(DATA TO PROCESS Opens)

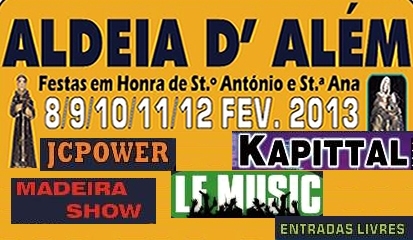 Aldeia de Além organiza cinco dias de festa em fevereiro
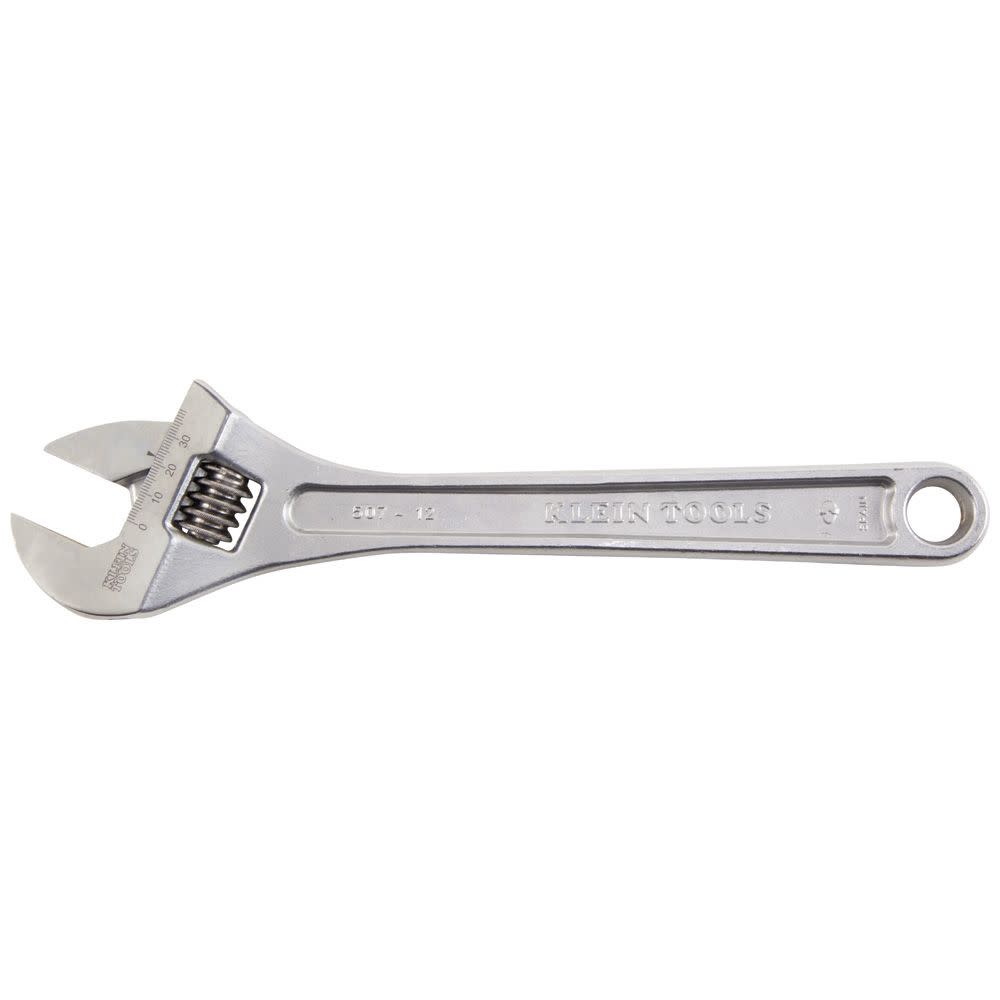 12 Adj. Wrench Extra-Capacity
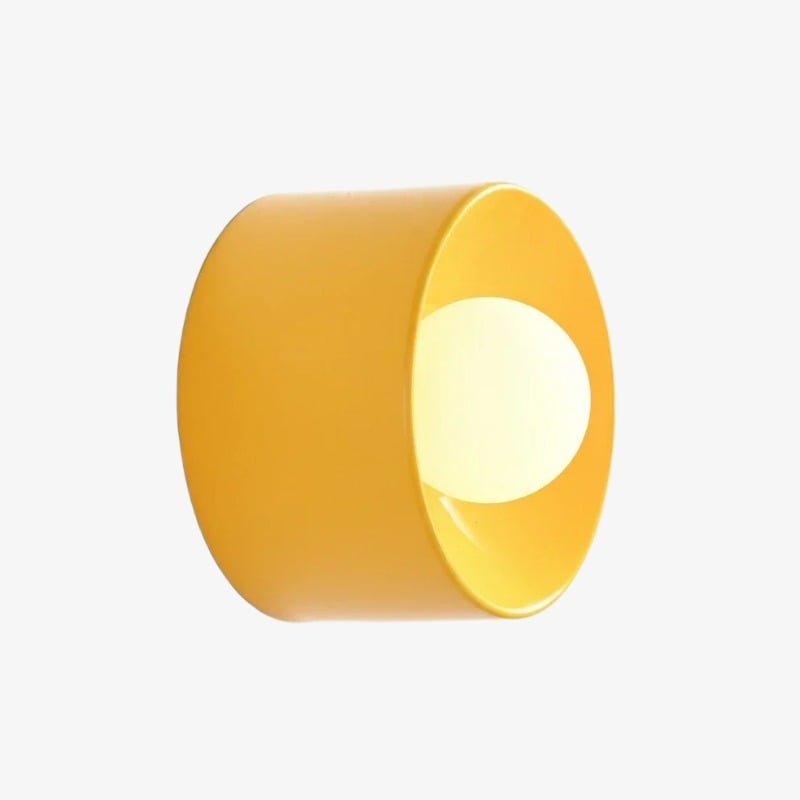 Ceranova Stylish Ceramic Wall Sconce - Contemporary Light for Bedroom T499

(DATA TO PROCESS Closes)
(DATA TO PROCESS Opens)

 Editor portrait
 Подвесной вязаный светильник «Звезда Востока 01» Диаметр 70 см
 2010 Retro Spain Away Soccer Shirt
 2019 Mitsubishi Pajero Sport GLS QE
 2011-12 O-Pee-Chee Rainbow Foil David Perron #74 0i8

(DATA TO PROCESS Closes)
(DATA TO PROCESS Opens)

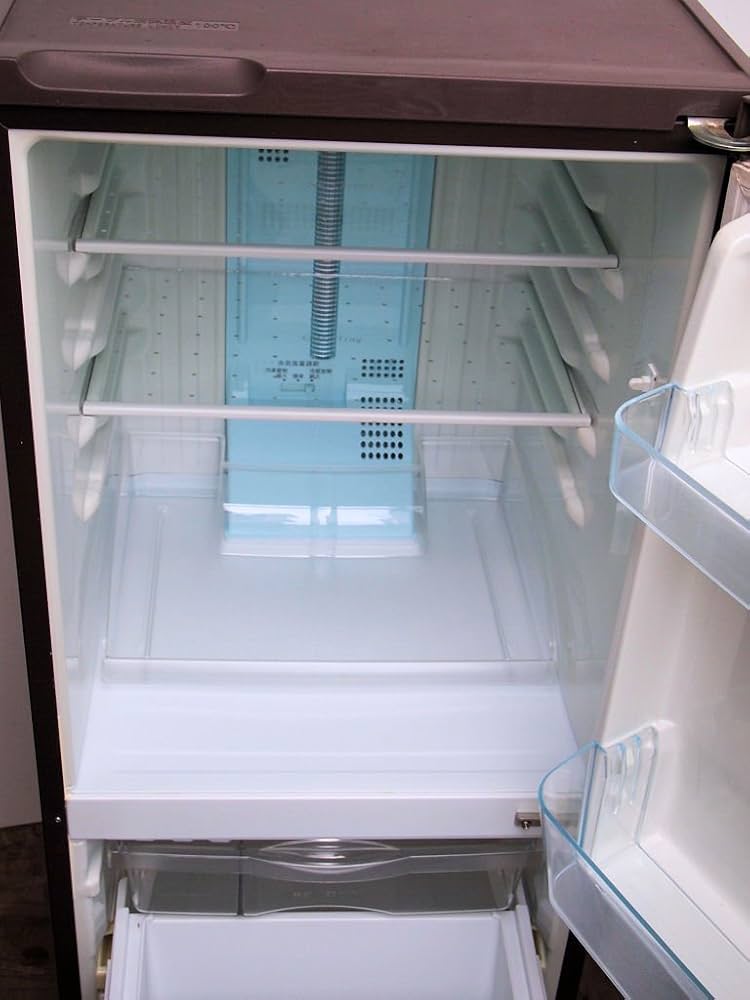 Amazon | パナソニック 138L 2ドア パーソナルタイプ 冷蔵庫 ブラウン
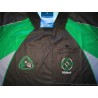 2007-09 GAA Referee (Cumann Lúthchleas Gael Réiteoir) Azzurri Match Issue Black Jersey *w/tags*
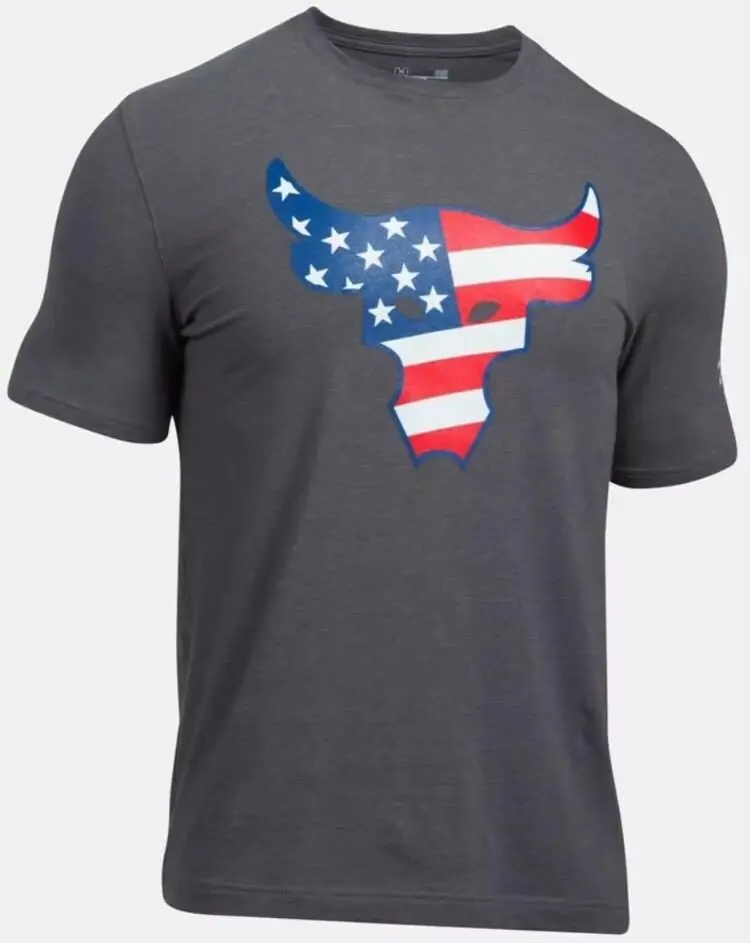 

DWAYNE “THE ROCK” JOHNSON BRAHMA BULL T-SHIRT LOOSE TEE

(DATA TO PROCESS Closes)

### WHAT IS EXPECTED
For the entries above, print exactly the lines between the one with "Aldeia de Além" and the one with "Ceranova Stylish Ceramic", inclusive, with no pictures.

### SOLUTION TO THIS PROBLEM
 Aldeia de Além organiza cinco dias de festa em fevereiro
 12 Adj. Wrench Extra-Capacity
 Ceranova Stylish Ceramic Wall Sconce - Contemporary Light for Bedroom T499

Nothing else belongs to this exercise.